Apesar do acerto de Dilma Rousseff com Renan Calheiros, o PT não gostou. O acordo fechado há meses previa que a vaga de José Jorge fosse de uma indicação dos senadores do partido, e não novamente do PMDB."
Renan, é bom que se lembre, teve papel muito importante na manutenção do veto de Dilma contra a regulamentação da Medicina no Brasil (o "ato médico") - http://www.cremesp.org.br/?siteAcao=Imprensa&acao=crm_midia&id=694
E também no veto à carreira de estado para médicos, anteriormente aprovada pelo Congresso, após negociações entre o então presidente do CFM, Roberto D'Ávila, e a bancada do PT. O negócio terminou em molecagem: Dilma vetou a carreira de estado (sob um pretexto enviesado) e o Congresso manteve o veto da Dilma, também com a ajuda de Renan. Os médicos brasileiros não podem esperar bondades de Renan.
É bom lembrar que a maioria dos médicos brasileiros perdeu a ingenuidade política com os enfrentamentos com o governo da atual presidente. Não esperam gestos de boa vontade do governo. Mas, também não são tolos a ponto de comprar gato por lebre. Carreira de estado de médico não existe sem concurso público para médico. Não podem as entidades médicas tergiversar nessa questão essencial para a classe médica.

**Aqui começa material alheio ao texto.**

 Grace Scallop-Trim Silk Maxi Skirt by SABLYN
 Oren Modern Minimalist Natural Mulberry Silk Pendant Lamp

(1) Art. 241. A União, os Estados, o Distrito Federal e os Municípios disciplinarão por meio de lei os consórcios públicos e os convênios de cooperação entre os entes federados, autorizando a gestão associada de serviços públicos, bem como a transferência total ou parcial de encargos, serviços, pessoal e bens essenciais à continuidade dos serviços transferidos. (Redação dada pela Emenda Constitucional nº 19, de 1998)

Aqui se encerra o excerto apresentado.